▼▼▼
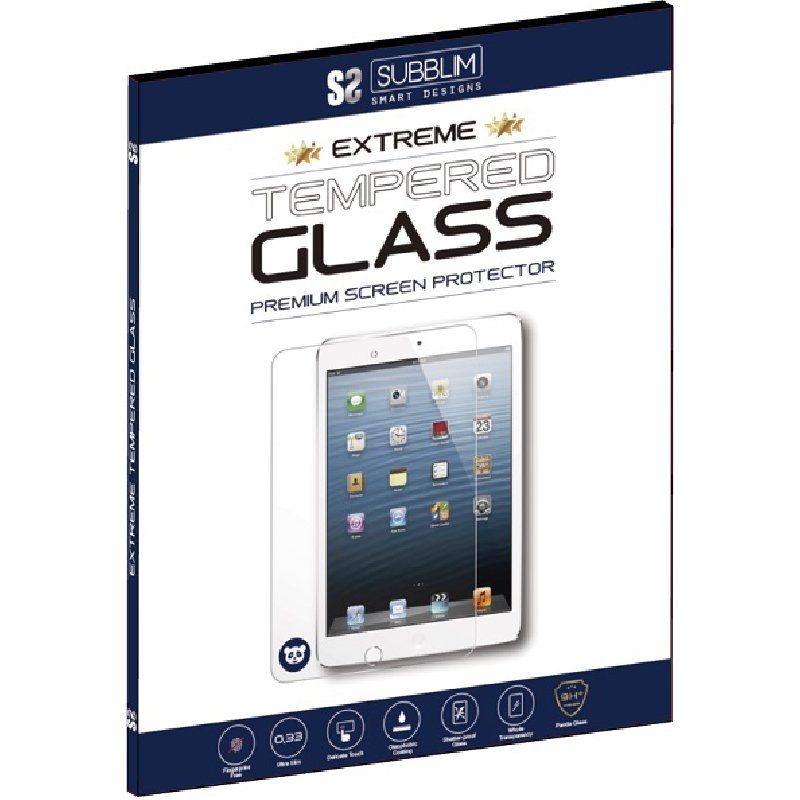 Subblim Sub-Tg-1sam002 Extreme Gehard Glas Voor Samsung Tab S5e T720/T725-9h + Hardheid-Ultra Slim 0.33-Oleophobic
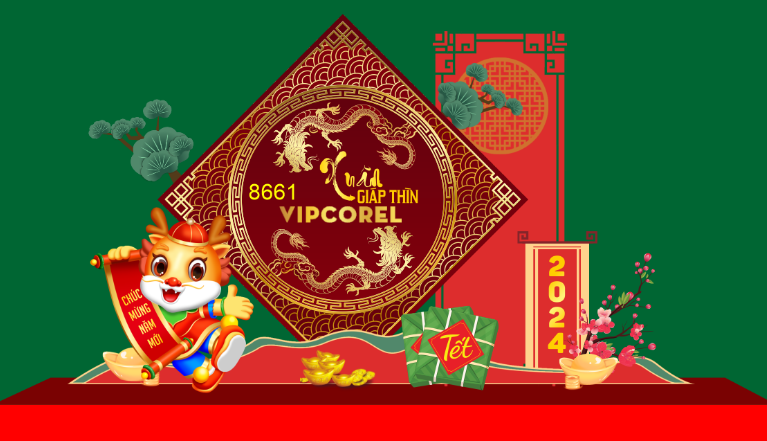 Mô hình decor khu chụp ảnh tết 2024 #17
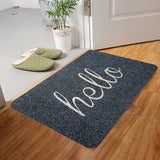 Embroidered Foot Pad Home Welcome Area Rug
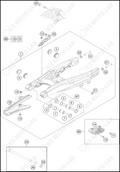 SWING ARM, 2023 HUSQVARNA TC-65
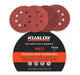 Velcro Sanding Disc 125mm 8 Holes - Red 60 to 100 Grit - Pack of 100 20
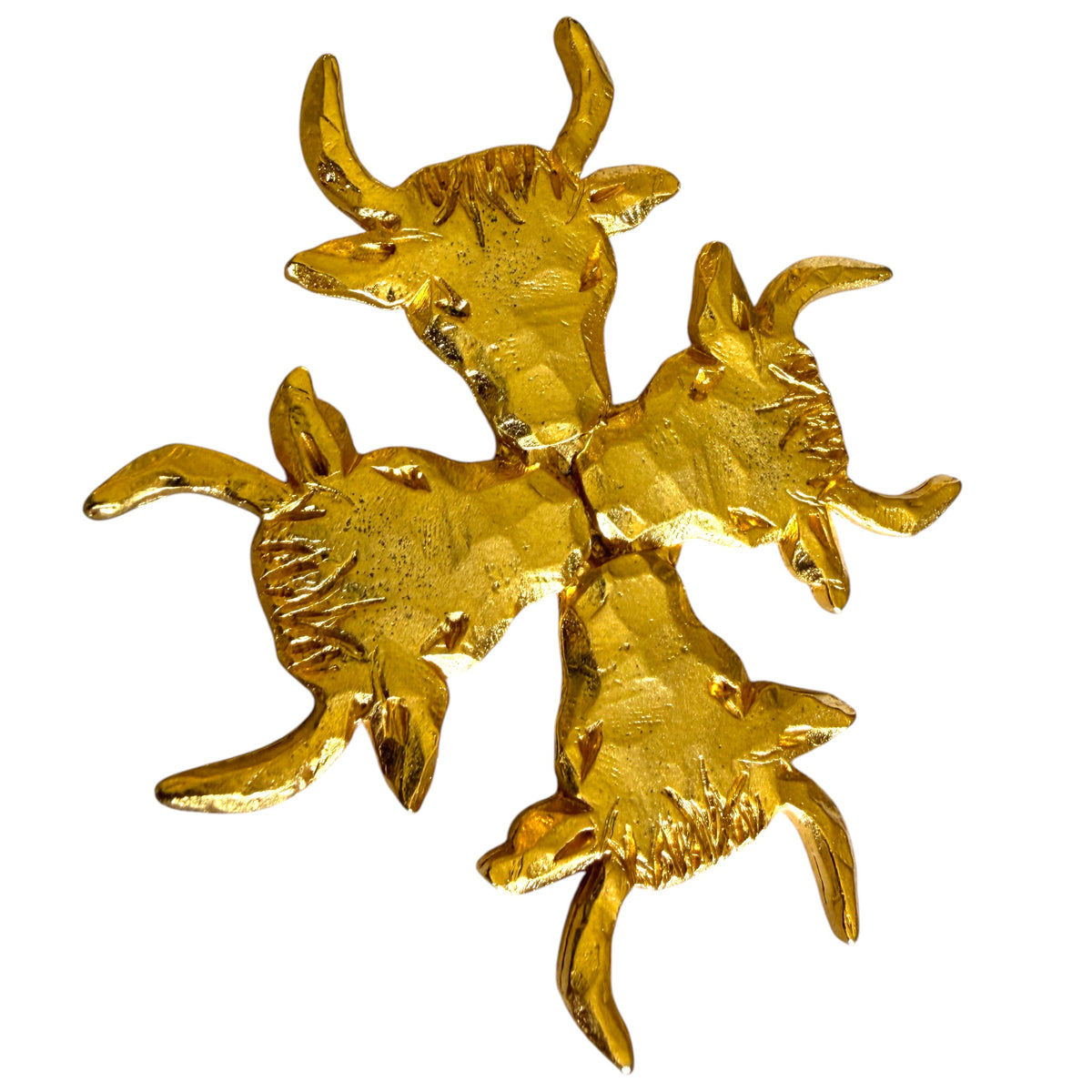 1990's SOULEIADO Bulls Pendant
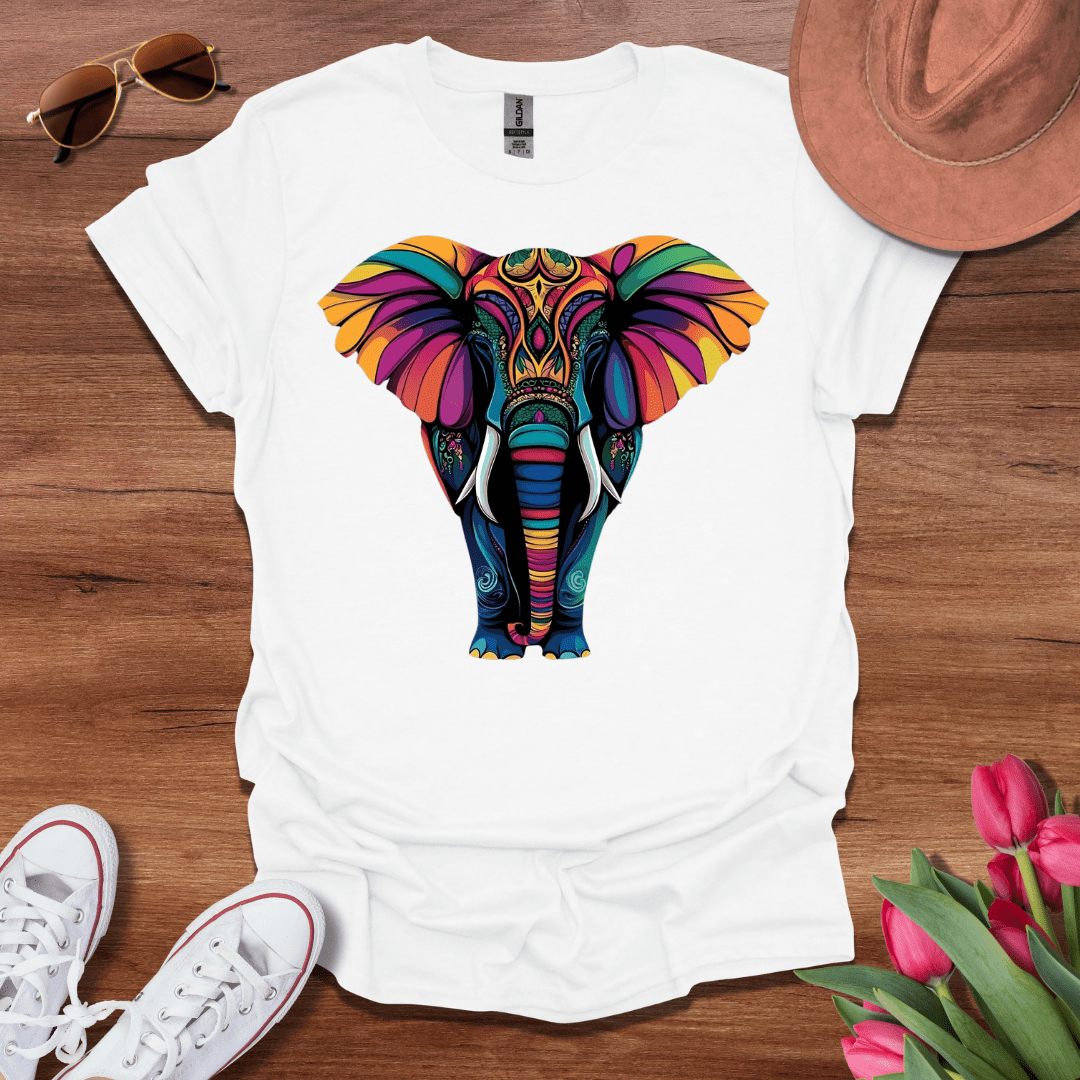 Double Tusk Elephant T-Shirt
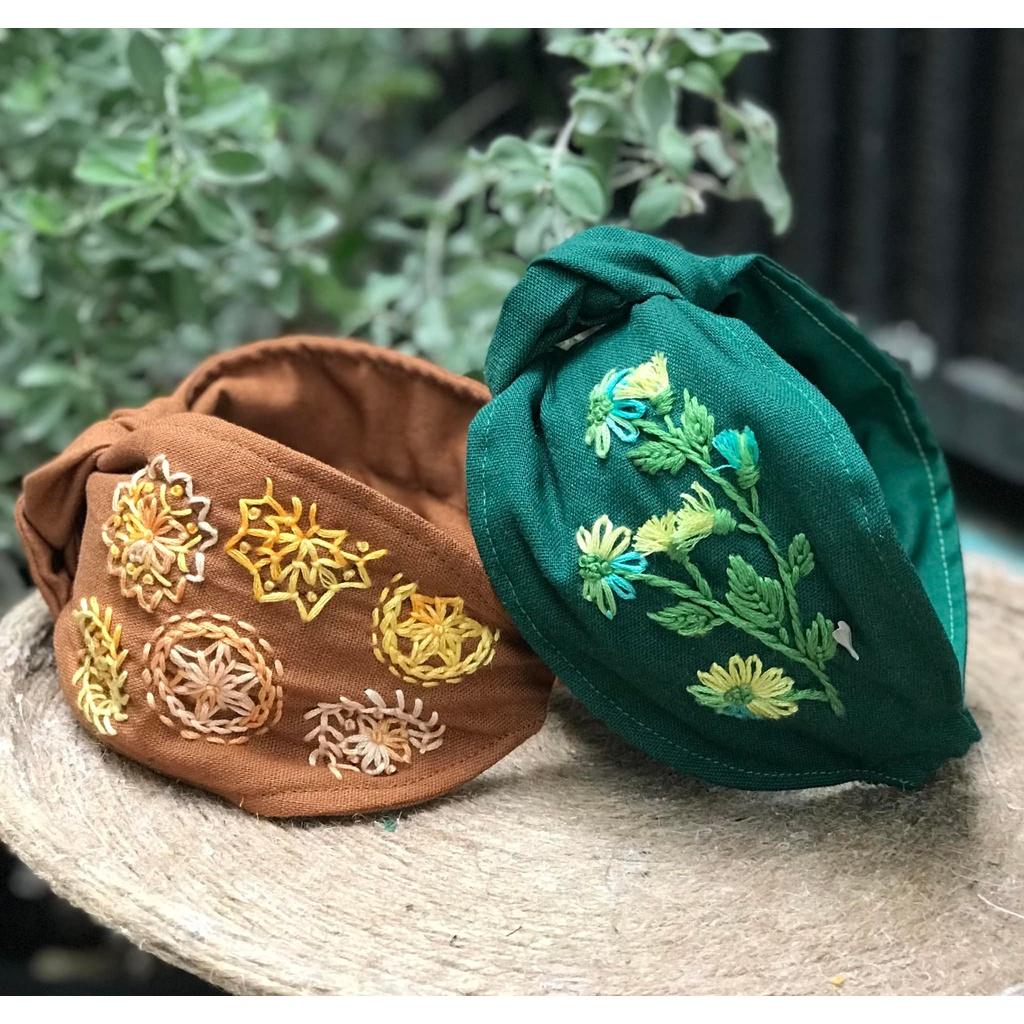 Băng đô handmade thêu tay đẹp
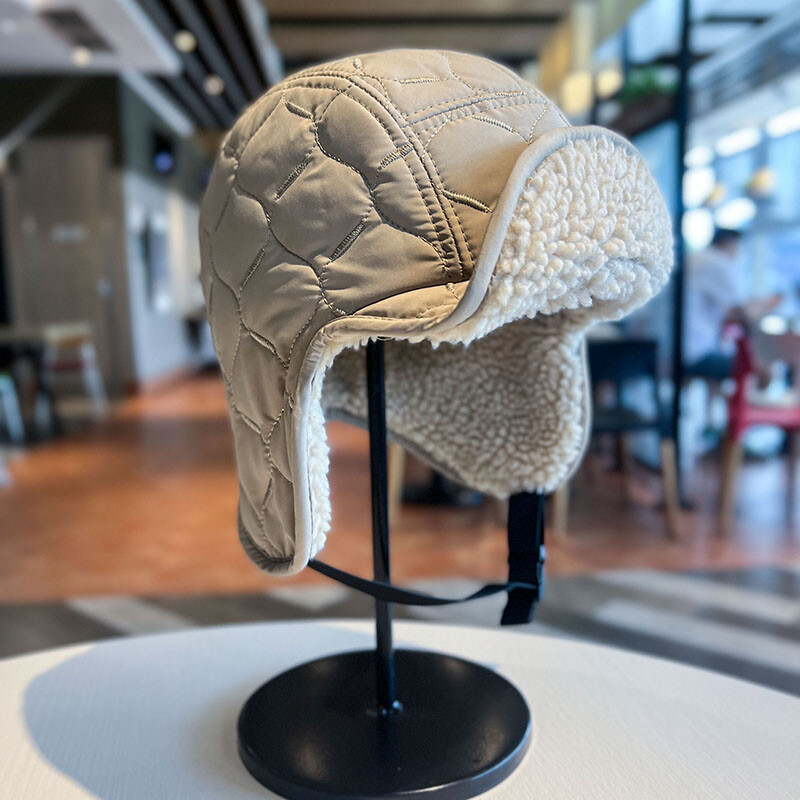 Bărbați și femei japoneze, lână de miel îngroșată de iarnă, protecție caldă a urechilor, pălărie lei Feng, călărie cu două fețe, în aer liber, călărie de schi.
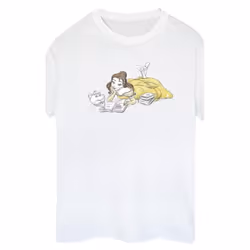 Disney - T-shirt BEAUTY AND THE BEAST - Femme (Blanc)
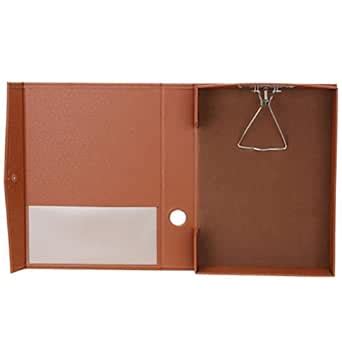 BNF® A4 Pu Leather Desktop File Folder Paper Box Document Organizer ...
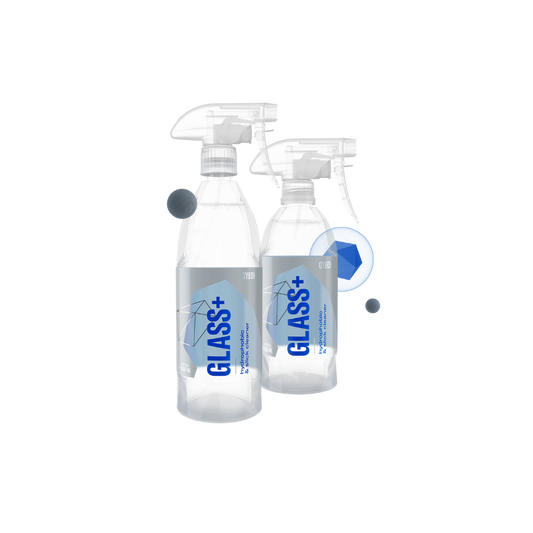 Q²M Glass+ hidrofobinis stiklų valiklis 500ml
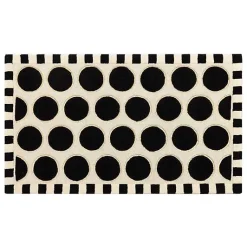 Dots A Lots Rug - Black - 3' x 5'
▲▲▲
TASK
Without carrying over any picture, write out the entries above once more, exactly.

TASK RESULT
 Subblim Sub-Tg-1sam002 Extreme Gehard Glas Voor Samsung Tab S5e T720/T725-9h + Hardheid-Ultra Slim 0.33-Oleophobic
 Mô hình decor khu chụp ảnh tết 2024 #17
 Embroidered Foot Pad Home Welcome Area Rug
 SWING ARM, 2023 HUSQVARNA TC-65
 Velcro Sanding Disc 125mm 8 Holes - Red 60 to 100 Grit - Pack of 100 20
 1990's SOULEIADO Bulls Pendant
 Double Tusk Elephant T-Shirt
 Băng đô handmade thêu tay đẹp
 Bărbați și femei japoneze, lână de miel îngroșată de iarnă, protecție caldă a urechilor, pălărie lei Feng, călărie cu două fețe, în aer liber, călărie de schi.
 Disney - T-shirt BEAUTY AND THE BEAST - Femme (Blanc)
 BNF® A4 Pu Leather Desktop File Folder Paper Box Document Organizer ...
 Q²M Glass+ hidrofobinis stiklų valiklis 500ml
 Dots A Lots Rug - Black - 3' x 5'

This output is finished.